EXERCISE DESCRIPTION:
Each line below from the "1 Pc Diamond" line through the "Enesco Musical 50th" line, those two included, must be restated word for word; the pictures must not be.

--- GIVEN RECORDS Enclosed Below ---

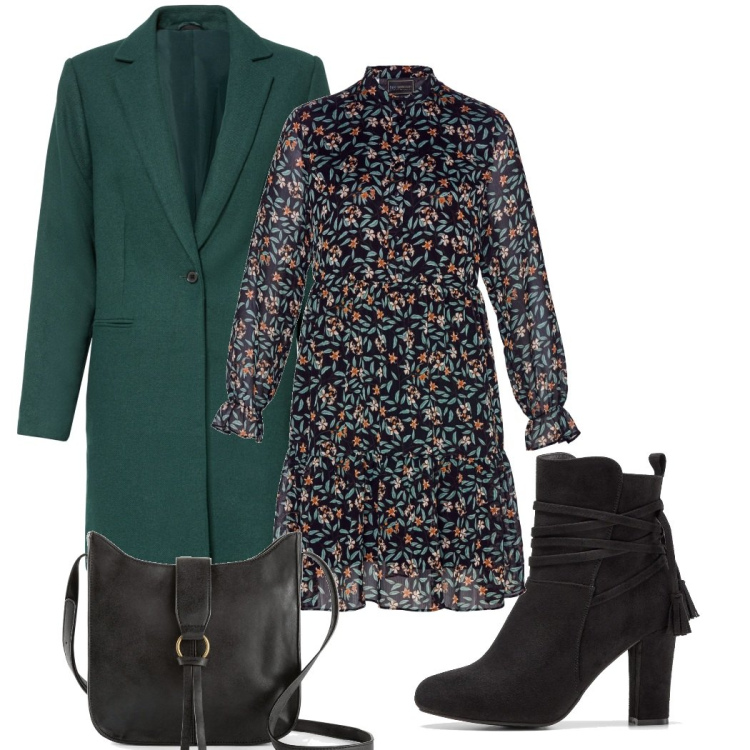 Outfit donna - Sempre pronta. Stile Bon Ton per Serata fuori. Abbinamento con borse a tracolla, vestiti, cappotti, stivaletti.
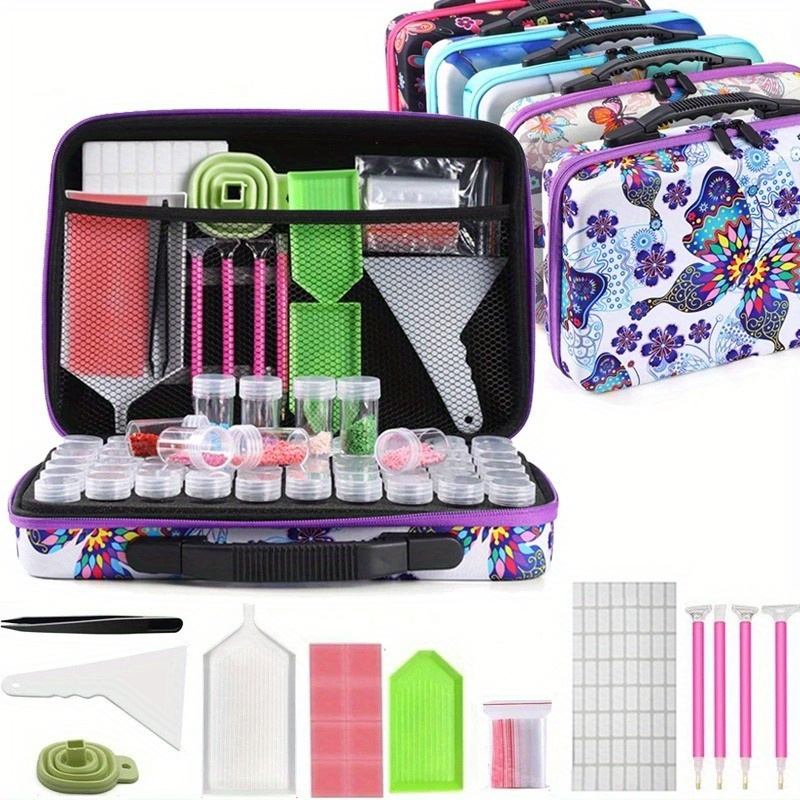 

1 Pc Diamond Painting Storage Case, 60 Slots Portable Organizer Handbag With Diy Tools, Art Craft Beads Box, Colorful Accessory Kits For Diamond Art With Multiple Patterns Craft Supplies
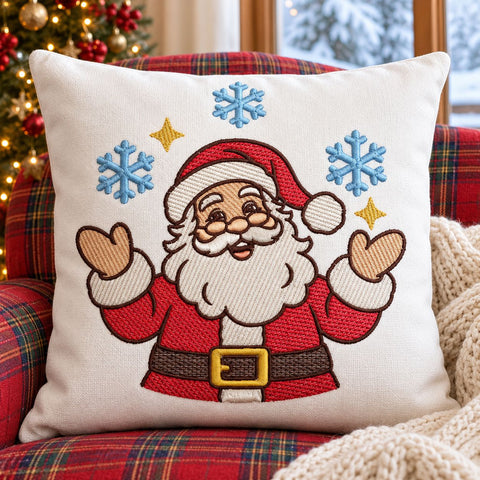 Santa Claus Embroidery Design | Cute Christmas Santa with Snowflakes | Holiday Machine Embroidery | 5 Sizes | PES DST JEF VP3 Embroidery/Applique DESIGNS HappyDesignStudio 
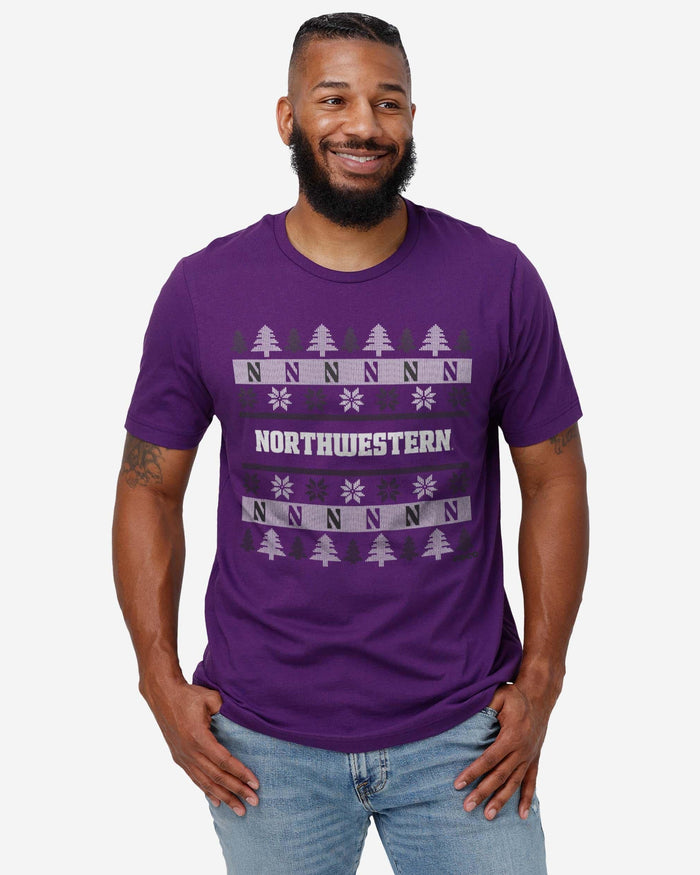 Northwestern Wildcats Holiday Sweater T-Shirt FOCO - FOCO.com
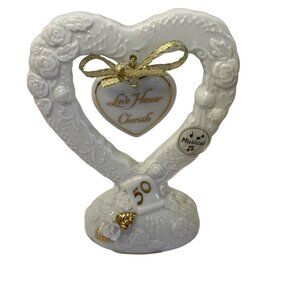 Enesco Musical 50th Anniversary Ceramic Heart Figurine With "Love Honor Cherish"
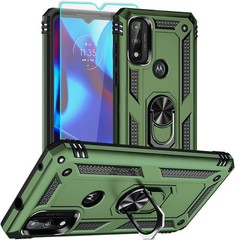 [1+1 PCS] Case & HD Screen Protector for Moto G Pure & Moto G Power 2022 Militar
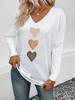 Women V Neck Long Sleeve Casual Heart Print T Shirt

--- End of Enclosed GIVEN RECORDS ---

SOLUTION TO THIS TASK:
1 Pc Diamond Painting Storage Case, 60 Slots Portable Organizer Handbag With Diy Tools, Art Craft Beads Box, Colorful Accessory Kits For Diamond Art With Multiple Patterns Craft Supplies
 Santa Claus Embroidery Design | Cute Christmas Santa with Snowflakes | Holiday Machine Embroidery | 5 Sizes | PES DST JEF VP3 Embroidery/Applique DESIGNS HappyDesignStudio 
 Northwestern Wildcats Holiday Sweater T-Shirt FOCO - FOCO.com
 Enesco Musical 50th Anniversary Ceramic Heart Figurine With "Love Honor Cherish"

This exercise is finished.